Par ailleurs, certains prévenus, dont le principal, ont également été reconnus coupables de corruption passive à l’égard de plusieurs personnes. D’une part, il a été reconnu coupable de corruption passive à l’égard des personnes pour lesquelles le trafic d’êtres humains a été prouvé, étant donné que la corruption, dans l’exercice d’une fonction publique, a été effectuée en vue de commettre une infraction (article 247, paragraphe 3, du Code pénal). D’autre part, en ce qui concerne les autres personnes pour lesquelles le trafic d’êtres humains n’était pas prouvé, il a été reconnu coupable de corruption en vue de l’accomplissement d’un acte licite (article 247, § 1 du Code pénal). Son fils a été reconnu coupable de corruption passive en tant que coauteur et sa femme de trafic d’êtres humains et de corruption passive.

Selon la cour, il était établi que le principal prévenu, en tant que dirigeant, avait monté une organisation dans laquelle son lien avec un projet gouvernemental, à savoir le sauvetage de chrétiens syriens grâce à des visas humanitaires, était utilisé par lui pour le trafic d’êtres humains et/ou la corruption passive dans le but de réaliser le plus grand avantage patrimonial possible.

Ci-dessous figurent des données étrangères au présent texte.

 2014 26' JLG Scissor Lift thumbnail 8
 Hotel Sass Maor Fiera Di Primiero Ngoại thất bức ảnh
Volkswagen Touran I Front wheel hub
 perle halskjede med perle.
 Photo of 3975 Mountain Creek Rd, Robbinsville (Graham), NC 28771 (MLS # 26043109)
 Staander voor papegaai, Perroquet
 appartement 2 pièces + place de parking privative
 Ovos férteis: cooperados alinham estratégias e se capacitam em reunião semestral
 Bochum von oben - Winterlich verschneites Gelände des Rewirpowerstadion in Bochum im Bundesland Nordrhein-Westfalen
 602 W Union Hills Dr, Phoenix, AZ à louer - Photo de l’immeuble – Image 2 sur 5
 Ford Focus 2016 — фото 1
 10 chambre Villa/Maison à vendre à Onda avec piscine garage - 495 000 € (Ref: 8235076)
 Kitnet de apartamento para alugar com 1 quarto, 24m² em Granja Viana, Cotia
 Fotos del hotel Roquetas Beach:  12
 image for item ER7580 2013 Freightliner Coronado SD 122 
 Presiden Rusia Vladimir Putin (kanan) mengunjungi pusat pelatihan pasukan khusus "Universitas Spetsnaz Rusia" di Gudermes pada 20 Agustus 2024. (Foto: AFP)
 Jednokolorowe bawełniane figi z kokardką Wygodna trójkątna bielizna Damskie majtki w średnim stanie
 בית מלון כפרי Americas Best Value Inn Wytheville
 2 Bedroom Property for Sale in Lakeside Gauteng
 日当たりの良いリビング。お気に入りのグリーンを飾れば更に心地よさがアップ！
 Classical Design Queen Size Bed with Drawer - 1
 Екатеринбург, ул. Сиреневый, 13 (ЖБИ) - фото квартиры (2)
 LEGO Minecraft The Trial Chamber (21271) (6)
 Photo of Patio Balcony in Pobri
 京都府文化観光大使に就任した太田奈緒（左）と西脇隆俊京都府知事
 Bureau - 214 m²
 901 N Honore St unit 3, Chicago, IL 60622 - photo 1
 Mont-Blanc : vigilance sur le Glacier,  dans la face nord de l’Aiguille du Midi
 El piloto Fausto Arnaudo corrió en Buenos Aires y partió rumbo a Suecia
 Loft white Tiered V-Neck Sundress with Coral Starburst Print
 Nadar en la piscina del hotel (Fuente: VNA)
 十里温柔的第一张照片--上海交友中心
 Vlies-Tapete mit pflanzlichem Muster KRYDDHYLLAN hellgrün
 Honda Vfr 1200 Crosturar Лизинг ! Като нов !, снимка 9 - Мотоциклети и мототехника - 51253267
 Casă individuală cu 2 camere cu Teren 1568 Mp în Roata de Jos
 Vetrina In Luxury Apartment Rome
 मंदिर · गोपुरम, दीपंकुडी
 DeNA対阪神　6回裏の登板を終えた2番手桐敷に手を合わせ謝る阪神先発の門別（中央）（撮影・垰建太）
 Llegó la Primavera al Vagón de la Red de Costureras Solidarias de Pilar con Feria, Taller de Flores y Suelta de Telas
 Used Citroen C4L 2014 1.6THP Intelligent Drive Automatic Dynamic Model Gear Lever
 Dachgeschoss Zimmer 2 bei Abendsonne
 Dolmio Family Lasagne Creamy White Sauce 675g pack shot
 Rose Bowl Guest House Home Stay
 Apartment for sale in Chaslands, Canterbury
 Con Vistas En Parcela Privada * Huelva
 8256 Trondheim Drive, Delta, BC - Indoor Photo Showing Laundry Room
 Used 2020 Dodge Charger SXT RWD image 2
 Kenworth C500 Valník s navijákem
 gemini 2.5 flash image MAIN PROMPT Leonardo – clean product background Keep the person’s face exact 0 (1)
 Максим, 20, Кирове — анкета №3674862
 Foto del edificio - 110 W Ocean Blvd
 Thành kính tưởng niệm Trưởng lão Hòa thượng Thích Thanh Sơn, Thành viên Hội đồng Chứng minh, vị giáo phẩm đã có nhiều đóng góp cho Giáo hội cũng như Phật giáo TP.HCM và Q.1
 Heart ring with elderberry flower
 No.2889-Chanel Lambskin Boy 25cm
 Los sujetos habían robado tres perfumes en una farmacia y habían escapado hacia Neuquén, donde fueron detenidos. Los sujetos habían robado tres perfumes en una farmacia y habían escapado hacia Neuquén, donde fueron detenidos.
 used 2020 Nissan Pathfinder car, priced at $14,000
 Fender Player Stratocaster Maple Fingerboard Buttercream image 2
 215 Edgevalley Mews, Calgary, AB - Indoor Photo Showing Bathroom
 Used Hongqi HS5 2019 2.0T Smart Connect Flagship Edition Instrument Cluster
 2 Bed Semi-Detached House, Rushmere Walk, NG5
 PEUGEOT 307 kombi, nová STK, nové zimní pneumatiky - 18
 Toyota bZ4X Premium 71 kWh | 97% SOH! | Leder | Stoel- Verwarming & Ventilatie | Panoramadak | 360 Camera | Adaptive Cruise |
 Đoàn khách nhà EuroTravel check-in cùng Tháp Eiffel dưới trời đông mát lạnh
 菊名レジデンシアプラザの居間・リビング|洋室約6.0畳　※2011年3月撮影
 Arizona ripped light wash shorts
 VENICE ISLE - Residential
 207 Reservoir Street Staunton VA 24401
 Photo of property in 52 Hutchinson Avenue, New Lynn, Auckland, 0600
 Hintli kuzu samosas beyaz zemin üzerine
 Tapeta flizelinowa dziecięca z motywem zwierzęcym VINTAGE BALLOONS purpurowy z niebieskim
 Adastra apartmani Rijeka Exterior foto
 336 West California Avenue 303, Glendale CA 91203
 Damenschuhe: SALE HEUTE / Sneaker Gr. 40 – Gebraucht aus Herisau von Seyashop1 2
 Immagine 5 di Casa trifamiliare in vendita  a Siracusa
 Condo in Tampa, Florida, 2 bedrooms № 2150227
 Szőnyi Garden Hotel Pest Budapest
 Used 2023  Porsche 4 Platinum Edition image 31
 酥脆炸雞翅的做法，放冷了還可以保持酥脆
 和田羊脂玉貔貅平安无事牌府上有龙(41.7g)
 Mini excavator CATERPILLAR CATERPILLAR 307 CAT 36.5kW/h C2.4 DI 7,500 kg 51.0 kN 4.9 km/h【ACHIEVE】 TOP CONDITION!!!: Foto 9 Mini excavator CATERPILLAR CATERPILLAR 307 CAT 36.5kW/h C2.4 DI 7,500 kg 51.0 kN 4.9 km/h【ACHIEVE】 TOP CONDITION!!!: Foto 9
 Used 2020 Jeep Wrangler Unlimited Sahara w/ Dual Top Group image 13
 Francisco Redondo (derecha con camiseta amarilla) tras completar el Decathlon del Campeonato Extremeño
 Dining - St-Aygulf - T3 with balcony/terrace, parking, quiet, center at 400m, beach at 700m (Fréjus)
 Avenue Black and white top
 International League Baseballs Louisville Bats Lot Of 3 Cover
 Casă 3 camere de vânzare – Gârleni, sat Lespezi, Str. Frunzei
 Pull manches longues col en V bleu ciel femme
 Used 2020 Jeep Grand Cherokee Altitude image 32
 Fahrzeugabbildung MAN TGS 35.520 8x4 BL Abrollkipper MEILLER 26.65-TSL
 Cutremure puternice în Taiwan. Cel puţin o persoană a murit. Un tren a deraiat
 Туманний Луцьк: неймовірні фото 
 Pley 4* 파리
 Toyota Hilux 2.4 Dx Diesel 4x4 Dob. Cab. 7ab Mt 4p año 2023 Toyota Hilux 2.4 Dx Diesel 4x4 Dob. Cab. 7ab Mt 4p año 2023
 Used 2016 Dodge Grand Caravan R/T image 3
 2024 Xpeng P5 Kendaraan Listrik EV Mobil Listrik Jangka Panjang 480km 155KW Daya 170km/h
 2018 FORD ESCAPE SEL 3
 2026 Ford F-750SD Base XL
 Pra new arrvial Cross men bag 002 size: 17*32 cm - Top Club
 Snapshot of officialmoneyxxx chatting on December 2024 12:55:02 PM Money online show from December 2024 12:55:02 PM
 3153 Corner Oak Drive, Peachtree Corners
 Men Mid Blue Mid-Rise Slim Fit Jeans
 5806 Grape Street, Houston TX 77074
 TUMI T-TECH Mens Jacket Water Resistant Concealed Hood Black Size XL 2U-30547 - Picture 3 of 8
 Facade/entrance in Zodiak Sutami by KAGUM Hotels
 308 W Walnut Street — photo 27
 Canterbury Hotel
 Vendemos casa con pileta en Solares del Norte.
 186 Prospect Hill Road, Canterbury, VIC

Pour ce faire, il a structurellement fait appel à des intermédiaires, son fils et son épouse, qui ont été reconnus coupables d’avoir participé à la prise de décision de l’organisation criminelle. Les autres prévenus ont été condamnés pour avoir fait partie d’une organisation criminelle.

En outre, il était également établi pour la cour que le principal prévenu et son fils s’étaient rendus coupables de tentative d’extorsion en menaçant de retirer les documents de séjour de certaines personnes en situation de séjour précaire si elles ne leur donnaient pas d’importantes sommes d’argent.

Le principal prévenu a été condamné à cinq ans de prison et à une amende de 48.000 euros. Les autres prévenus ont été condamnés à une peine de prison de deux ans et à des amendes de 32.000 à 296.000 euros, en partie avec sursis. La cour a condamné la dixième prévenue à une peine d’emprisonnement avec sursis total, en raison de son rôle de lanceuse d’alerte dans l’affaire.

De grosses sommes d’argent ont été confisquées. Les parties civiles ont obtenu une indemnisation.

Un pourvoi en cassation a été formé par le principal prévenu, son fils et son épouse, mais il a été rejeté dans un arrêt du 6 décembre 2022.